Text: Ivy Tsang
The history of Chateau Margaux dates back almost one thousand years ago! It was known as “La Mothe de Margaux” which could be used by the royalty in the 12th century. Vineyards were not part of the estate. It was then restructured and rebuilt by Pierre de Lestonnac, the owner of Margaux from 1572 to 1582, who also introduced vine growing and wine making at Margaux.
By the end of the 17th century, under the lead of the d’Auledes family, the estate grew to 265 hectares, of which one third is grown with vines for wine making. Up till now, Margaux has almost the same size with 80 hectares of vines. The size does no change much until now, which you seldom find in the other Bordeaux wineries.
In the beginning of 18th century, a wine maker named Berlon made some changes and improved the wine quality a lot. He was the first one to vinify the red and white grapes separately. He also never picked the grapes in the morning cos the morning dew dilutes the must. He was also one of the pioneer wine makers who understood the importance of soil and terroir. The wine was so amazing that Chateau Margaux took the name from the appellation. Chateau Margaux is still the only Bordeaux winery to carry the name of its appellation.
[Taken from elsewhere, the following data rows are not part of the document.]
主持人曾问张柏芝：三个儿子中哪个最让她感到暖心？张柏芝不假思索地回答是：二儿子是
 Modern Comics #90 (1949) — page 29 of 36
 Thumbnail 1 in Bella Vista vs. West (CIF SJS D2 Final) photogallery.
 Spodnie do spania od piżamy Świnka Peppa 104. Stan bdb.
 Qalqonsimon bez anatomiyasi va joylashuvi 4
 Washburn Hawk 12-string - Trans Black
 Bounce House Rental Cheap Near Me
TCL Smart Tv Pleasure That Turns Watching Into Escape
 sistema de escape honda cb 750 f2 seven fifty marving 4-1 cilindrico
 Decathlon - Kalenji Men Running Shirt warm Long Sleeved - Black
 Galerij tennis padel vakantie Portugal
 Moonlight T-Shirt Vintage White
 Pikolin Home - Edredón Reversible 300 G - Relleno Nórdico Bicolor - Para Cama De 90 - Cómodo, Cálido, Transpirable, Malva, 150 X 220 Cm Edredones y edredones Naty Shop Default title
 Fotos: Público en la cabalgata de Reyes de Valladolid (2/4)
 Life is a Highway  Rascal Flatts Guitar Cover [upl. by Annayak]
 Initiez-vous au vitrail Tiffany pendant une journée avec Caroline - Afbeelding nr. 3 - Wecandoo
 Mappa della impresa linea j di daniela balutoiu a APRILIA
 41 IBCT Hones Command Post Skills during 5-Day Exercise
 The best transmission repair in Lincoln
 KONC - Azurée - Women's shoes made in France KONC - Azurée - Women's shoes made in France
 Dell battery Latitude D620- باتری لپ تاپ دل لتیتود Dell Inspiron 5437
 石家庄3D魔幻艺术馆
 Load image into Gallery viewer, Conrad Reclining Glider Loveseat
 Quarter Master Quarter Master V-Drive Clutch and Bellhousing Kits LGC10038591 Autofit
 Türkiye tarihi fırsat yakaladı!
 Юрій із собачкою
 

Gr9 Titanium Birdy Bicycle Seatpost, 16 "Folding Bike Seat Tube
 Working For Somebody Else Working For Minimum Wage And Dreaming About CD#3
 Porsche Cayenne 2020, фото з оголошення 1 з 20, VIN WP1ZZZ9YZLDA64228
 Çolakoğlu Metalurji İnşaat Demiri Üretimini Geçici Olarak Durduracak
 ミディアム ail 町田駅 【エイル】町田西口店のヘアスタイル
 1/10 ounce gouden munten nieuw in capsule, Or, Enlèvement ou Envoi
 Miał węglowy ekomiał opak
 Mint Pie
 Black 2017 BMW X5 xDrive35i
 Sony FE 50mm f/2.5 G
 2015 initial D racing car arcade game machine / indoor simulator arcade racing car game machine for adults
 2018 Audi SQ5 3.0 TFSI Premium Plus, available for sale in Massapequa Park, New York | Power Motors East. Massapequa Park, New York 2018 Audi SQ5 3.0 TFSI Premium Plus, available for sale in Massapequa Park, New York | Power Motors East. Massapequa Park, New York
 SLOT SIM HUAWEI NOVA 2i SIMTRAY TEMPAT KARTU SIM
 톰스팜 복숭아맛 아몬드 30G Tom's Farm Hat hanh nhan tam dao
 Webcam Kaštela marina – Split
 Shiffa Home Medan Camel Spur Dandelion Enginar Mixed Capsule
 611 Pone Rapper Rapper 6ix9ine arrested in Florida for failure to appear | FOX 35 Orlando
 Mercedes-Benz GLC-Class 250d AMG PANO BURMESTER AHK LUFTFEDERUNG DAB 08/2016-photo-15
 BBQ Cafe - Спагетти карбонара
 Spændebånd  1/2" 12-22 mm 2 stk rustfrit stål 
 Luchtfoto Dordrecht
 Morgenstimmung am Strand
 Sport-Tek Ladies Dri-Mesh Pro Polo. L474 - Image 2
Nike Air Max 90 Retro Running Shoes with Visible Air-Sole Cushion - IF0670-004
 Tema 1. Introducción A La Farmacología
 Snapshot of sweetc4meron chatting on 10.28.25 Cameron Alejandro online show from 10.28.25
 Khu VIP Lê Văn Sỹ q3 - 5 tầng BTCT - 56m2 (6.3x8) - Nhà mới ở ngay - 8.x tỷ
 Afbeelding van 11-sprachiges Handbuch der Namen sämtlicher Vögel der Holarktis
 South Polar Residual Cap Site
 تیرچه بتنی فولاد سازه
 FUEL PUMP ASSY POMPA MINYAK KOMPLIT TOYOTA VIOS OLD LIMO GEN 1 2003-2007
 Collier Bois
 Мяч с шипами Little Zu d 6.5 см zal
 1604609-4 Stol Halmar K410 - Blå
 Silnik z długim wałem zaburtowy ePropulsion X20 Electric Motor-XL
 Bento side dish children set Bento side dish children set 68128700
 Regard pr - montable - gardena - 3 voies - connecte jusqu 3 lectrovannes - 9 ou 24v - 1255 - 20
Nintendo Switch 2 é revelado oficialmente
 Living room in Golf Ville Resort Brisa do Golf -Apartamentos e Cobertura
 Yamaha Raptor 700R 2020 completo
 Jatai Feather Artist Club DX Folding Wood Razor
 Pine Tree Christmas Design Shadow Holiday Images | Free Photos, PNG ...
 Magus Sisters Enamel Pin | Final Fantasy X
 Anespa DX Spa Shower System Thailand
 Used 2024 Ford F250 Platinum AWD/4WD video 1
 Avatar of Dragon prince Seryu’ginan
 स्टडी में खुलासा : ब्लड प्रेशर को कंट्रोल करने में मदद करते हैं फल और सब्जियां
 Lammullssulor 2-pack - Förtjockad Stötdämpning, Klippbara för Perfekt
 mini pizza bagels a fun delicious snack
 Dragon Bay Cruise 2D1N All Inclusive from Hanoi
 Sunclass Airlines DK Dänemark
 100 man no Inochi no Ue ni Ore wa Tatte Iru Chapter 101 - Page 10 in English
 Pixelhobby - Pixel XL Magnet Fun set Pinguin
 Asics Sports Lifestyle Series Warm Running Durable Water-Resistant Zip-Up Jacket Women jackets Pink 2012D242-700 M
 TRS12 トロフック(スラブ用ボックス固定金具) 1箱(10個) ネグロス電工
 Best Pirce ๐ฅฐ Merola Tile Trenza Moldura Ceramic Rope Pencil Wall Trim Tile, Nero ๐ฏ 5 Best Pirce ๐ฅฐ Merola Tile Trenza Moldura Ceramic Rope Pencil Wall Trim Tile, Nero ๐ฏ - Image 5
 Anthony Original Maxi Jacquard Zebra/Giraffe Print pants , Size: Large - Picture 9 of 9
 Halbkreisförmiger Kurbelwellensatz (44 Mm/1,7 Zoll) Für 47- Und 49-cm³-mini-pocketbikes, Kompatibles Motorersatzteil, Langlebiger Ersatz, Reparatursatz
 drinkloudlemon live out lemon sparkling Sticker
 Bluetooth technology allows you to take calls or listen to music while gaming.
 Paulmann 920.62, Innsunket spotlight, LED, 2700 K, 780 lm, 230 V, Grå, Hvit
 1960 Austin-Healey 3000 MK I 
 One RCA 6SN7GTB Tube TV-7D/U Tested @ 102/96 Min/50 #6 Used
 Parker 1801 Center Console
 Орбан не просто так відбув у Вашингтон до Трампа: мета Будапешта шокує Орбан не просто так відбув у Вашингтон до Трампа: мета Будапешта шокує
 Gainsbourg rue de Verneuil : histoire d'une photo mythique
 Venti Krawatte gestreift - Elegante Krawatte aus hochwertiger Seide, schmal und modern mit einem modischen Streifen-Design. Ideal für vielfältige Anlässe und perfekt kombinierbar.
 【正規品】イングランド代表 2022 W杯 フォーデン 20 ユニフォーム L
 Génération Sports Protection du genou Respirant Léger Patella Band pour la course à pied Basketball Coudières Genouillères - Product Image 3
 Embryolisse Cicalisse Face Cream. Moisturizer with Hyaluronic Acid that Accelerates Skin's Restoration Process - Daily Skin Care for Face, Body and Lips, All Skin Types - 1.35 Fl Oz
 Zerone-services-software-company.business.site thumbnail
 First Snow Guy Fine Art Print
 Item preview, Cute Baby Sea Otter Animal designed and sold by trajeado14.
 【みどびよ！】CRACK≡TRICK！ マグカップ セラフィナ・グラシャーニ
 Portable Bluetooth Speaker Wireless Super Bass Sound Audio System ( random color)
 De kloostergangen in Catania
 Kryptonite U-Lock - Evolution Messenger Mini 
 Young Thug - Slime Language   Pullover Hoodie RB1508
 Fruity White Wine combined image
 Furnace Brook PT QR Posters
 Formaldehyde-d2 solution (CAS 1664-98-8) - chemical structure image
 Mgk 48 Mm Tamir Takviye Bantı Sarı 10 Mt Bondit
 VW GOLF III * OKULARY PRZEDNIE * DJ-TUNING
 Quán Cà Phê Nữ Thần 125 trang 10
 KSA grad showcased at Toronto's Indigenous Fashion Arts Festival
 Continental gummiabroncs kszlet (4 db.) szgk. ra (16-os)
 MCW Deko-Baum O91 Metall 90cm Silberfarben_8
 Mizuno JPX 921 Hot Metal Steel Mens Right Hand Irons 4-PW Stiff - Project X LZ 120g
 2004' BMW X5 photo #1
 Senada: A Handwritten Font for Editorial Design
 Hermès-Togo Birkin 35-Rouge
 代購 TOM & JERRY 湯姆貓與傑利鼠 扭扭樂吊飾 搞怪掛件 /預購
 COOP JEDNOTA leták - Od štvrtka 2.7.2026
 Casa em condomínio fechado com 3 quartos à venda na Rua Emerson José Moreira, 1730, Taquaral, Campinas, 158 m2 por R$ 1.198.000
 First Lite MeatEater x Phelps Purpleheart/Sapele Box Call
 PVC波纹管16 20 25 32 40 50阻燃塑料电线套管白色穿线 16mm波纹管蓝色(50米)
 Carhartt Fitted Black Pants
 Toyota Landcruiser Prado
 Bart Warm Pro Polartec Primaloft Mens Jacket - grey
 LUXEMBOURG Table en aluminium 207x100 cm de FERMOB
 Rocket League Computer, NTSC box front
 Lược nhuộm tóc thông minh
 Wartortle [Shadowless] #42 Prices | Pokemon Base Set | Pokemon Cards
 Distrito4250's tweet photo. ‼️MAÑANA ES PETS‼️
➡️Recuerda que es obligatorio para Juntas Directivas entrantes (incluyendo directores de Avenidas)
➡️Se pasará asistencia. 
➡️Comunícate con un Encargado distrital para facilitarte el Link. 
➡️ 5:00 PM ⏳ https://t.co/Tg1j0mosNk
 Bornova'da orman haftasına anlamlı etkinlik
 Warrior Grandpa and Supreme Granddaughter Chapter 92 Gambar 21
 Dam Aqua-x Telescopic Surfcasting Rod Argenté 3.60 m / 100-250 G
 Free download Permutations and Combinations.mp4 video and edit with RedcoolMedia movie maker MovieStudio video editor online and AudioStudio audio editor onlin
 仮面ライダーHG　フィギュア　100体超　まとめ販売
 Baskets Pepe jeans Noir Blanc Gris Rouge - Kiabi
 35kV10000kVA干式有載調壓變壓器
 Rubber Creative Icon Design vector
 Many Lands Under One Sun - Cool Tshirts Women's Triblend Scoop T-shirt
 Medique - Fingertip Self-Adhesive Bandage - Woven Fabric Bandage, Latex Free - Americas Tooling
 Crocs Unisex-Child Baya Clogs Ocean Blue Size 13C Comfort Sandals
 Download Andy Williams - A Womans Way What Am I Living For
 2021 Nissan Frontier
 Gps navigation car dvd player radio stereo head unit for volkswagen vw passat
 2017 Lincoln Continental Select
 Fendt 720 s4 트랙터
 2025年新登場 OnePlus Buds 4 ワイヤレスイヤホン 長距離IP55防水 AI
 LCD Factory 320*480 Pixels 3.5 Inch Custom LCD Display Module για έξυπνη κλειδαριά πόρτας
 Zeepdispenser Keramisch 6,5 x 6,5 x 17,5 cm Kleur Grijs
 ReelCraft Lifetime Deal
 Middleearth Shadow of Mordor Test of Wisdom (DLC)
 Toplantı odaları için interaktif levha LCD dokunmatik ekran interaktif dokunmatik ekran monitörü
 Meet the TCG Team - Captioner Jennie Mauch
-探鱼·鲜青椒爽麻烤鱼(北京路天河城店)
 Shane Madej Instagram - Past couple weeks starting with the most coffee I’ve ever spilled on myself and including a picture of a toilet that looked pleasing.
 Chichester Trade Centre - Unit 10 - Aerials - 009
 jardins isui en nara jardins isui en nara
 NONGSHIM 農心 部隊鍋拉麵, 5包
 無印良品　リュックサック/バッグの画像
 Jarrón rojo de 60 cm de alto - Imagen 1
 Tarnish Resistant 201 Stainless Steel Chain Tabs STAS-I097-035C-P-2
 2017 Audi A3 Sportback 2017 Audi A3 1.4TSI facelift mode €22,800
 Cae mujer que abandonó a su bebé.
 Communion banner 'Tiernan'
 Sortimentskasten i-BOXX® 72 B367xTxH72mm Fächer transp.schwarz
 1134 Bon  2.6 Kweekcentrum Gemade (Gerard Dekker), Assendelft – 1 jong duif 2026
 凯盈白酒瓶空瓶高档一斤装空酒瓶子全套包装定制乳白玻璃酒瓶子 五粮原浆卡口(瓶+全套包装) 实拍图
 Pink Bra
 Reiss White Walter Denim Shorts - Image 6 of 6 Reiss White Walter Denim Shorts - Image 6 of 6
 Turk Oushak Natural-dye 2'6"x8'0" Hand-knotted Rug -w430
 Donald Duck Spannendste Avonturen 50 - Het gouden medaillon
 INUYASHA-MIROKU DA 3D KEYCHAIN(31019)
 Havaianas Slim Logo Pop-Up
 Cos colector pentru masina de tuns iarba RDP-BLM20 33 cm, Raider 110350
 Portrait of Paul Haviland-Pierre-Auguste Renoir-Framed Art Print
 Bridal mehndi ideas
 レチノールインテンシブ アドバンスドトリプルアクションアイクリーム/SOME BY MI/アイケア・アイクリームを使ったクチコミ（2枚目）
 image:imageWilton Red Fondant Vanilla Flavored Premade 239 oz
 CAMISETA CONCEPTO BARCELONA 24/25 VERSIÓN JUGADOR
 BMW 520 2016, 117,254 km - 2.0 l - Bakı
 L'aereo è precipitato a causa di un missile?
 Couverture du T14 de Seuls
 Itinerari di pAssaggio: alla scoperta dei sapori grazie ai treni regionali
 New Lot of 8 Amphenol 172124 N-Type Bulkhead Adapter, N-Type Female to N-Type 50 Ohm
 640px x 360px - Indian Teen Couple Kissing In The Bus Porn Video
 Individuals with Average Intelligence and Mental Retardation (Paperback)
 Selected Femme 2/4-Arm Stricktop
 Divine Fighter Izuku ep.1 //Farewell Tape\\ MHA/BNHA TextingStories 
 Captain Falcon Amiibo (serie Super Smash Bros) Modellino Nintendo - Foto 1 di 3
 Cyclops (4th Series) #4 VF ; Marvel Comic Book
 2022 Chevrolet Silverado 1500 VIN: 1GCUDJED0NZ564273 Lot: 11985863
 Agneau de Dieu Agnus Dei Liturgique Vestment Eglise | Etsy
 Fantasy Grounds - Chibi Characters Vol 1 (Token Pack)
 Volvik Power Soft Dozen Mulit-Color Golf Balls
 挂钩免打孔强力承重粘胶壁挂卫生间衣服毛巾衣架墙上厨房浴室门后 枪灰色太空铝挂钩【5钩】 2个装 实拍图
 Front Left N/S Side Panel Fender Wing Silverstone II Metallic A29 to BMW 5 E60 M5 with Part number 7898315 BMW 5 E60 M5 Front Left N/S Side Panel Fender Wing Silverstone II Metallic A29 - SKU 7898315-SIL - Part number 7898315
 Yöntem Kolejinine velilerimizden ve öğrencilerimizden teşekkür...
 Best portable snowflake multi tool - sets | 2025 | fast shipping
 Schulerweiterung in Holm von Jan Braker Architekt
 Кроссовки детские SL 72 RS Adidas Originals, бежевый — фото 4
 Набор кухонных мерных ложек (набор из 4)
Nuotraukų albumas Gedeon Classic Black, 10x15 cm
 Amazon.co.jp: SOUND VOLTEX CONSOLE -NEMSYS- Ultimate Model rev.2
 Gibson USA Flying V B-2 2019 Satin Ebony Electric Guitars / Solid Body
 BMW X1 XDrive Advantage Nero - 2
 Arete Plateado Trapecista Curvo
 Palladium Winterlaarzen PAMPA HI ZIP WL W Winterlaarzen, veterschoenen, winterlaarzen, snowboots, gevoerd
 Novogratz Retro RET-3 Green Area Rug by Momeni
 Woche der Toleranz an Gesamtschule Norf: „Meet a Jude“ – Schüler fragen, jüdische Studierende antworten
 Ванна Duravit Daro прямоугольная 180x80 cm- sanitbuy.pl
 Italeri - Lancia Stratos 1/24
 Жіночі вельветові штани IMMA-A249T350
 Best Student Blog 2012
With the rise in quality, Chateau Margaux moved into the golden era. Not just being the first “claret” to appear in a Christie’s catalogue in 1771, Thomas Jefferson, who was the US Ambassador to France at that time, bought some Margaux 1784 and commented “There couldn’t be a better Bordeaux bottle”. Owners changed in the middle just like the other Bordeaux estates. The current owner is Ms. Corinne Mentzelopoulos.
Chateau Margaux is said to be the most elegant and perfumed Bordeaux, even among the first growth. Typically, it has the dark berry fruits and floral notes like violets and lilacs, with the hint of spice like cigar box and tobacco. 2007 is not a great vintage in Bordeaux. However, if you would like to have a taste of Margaux, mediocre vintage might be a choice if you do not want to spend almost double the price for the great vintages. When we say mediocre year, it does not really mean mediocre for the first growth. Perhaps it can be drunk earlier! Even for vintage 2007, Robert Parker rated it 92 points with the drinking window until 2035. Worth a try!